Étant donné qu’il s’agit de choisir entre une poursuite de la hausse de l’inflation et une grave récession, la réponse politique sera certainement d’ordonner aux banques centrales de réhausser l’objectif d’inflation à plus de 2%.
Saxo Bank, spécialiste du trading et de l’investissement en ligne, a publié aujourd’hui ses prévisions pour le troisième trimestre 2022 pour les marchés mondiaux, ainsi que ses principales idées de trading concernant les actions, les matières premières, les obligations et toute une série de thèmes macroéconomiques centraux susceptibles d’influencer les investisseurs et les marchés.
Steen Jakobsen, Chief Investment Officer de Saxo Bank, déclare: «Les dirigeants des banques centrales continuent de nous faire croire que l’objectif de 'normalisation' à environ 2% d’inflation est possible à un horizon de 18 mois. Mais pourquoi les écouterions-nous alors qu’ils n’ont jamais pu prévoir que l’inflation dépasserait 8% en Europe et aux États-Unis?»

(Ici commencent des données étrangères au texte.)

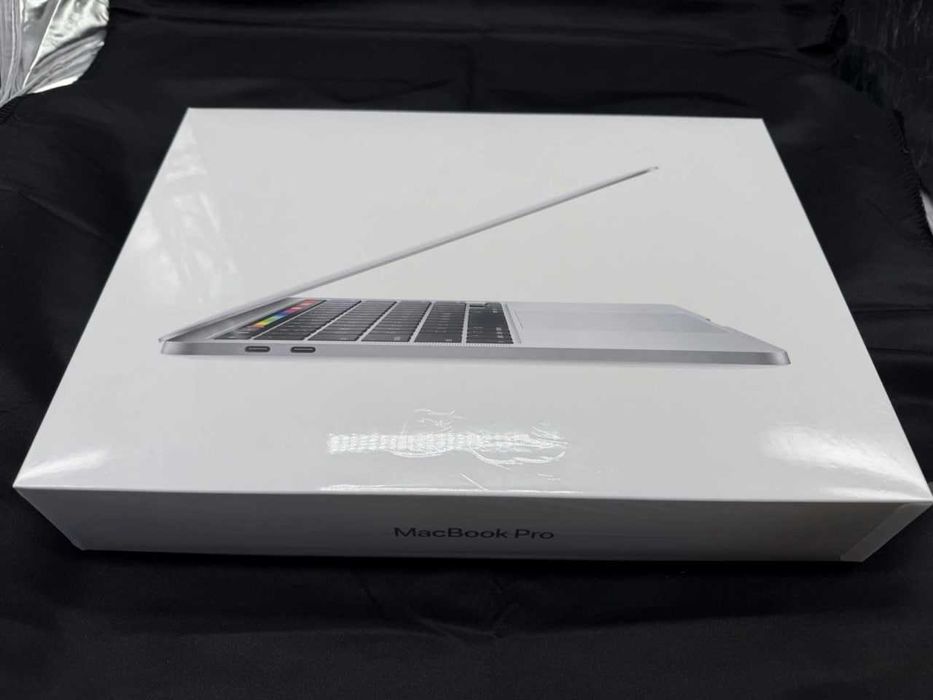 macbook pro 13inch  8/256gb corei5 + ideal karobka dakument zaryadka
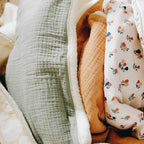 Zoom on cotton gauze baby blanket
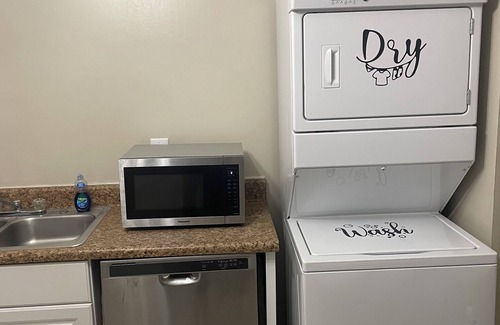 Brent Apartment | 22min to Beach+full apartment+sleep6+BBQ Grill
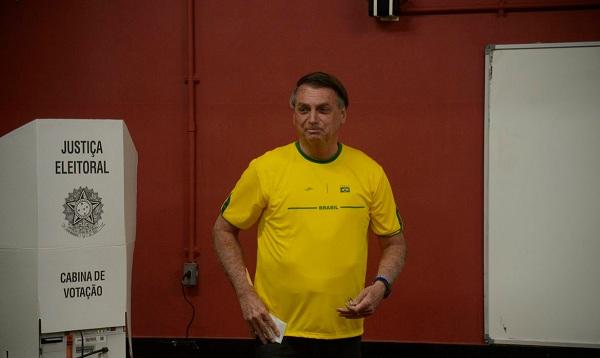 Bolsonaro pede que apoiadores mantenham o foco no segundo turno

Le risque est que les attentes relatives à l’inflation s’intensifient, et que des effets secondaires obligent les banques centrales à resserrer leurs politiques encore au-delà de ce qu’elles-mêmes ou les marchés craignent, jusqu’à ce qu’elles reprennent le contrôle du train fou et nous précipitent dans une profonde récession.

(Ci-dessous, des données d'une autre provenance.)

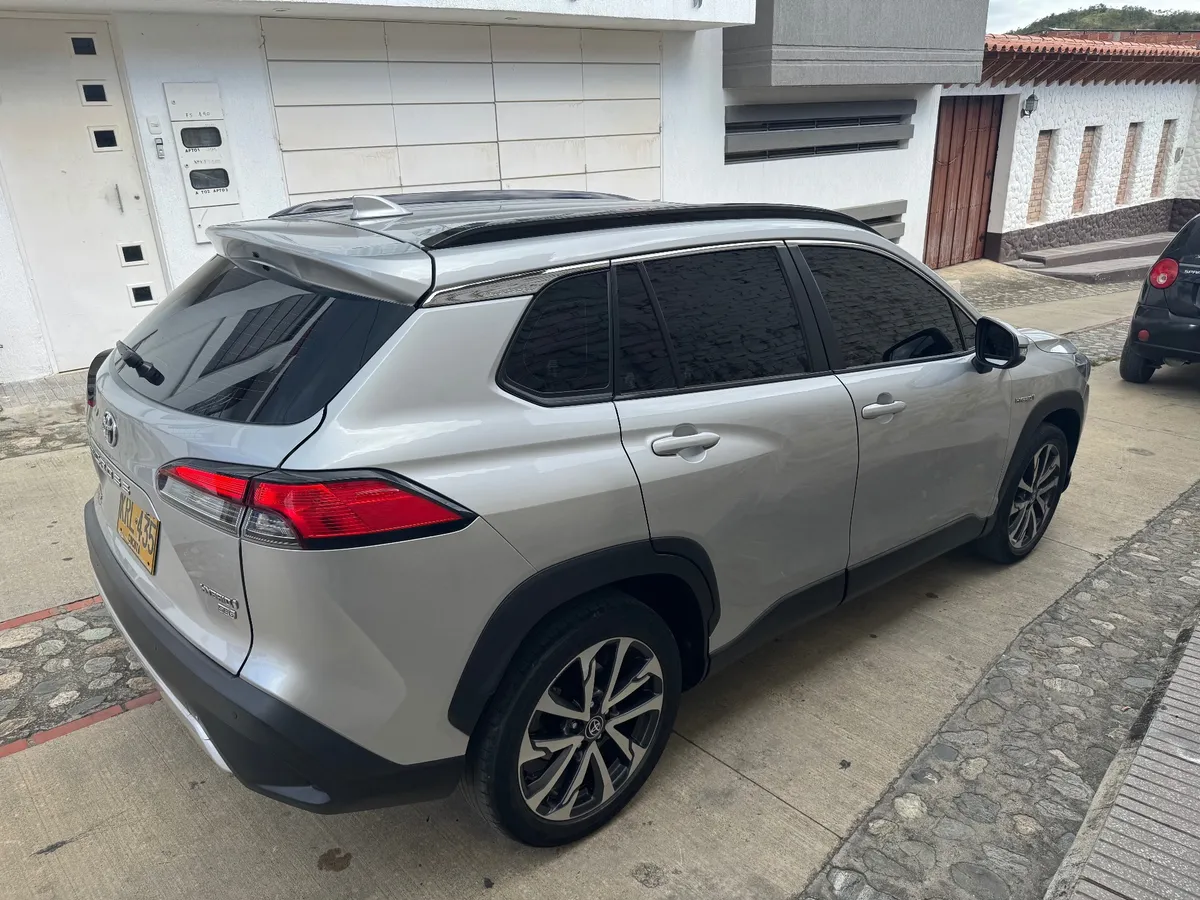 Toyota Corolla Cross 2023 Plateado Ocaña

Cela va provoquer le prochain changement de politique macroéconomique auquel il faut s’attendre pour le T3 2022. Étant donné qu’il s’agit de choisir entre une poursuite de la hausse de l’inflation et une grave récession, la réponse politique sera certainement d’ordonner aux banques centrales, directement ou indirectement, de réhausser l’objectif d’inflation à plus de 2%. Nous sommes en droit de nous attendre à ce que cette perspective implique un peu moins de resserrement, mais aussi à ce que les taux réels négatifs ou la répression financière deviennent des objectifs intégrés de cette politique. La destruction raisonnable de la demande qu’implique une hausse des taux directeurs constitue également un pari risqué qui va commencer à faire fléchir l’inflation, alors que des mesures de soutien aux plus vulnérables sont mises en place pour l’achat de l’énergie, du chauffage, du carburant et de l’alimentation. Les lacunes de cette politique sont qu’aucune de ces mesures ne lutte contre les déséquilibres de l’économie. Que la Fed vise 2 ou 3% d’inflation ne fait en rien baisser le prix de l’énergie.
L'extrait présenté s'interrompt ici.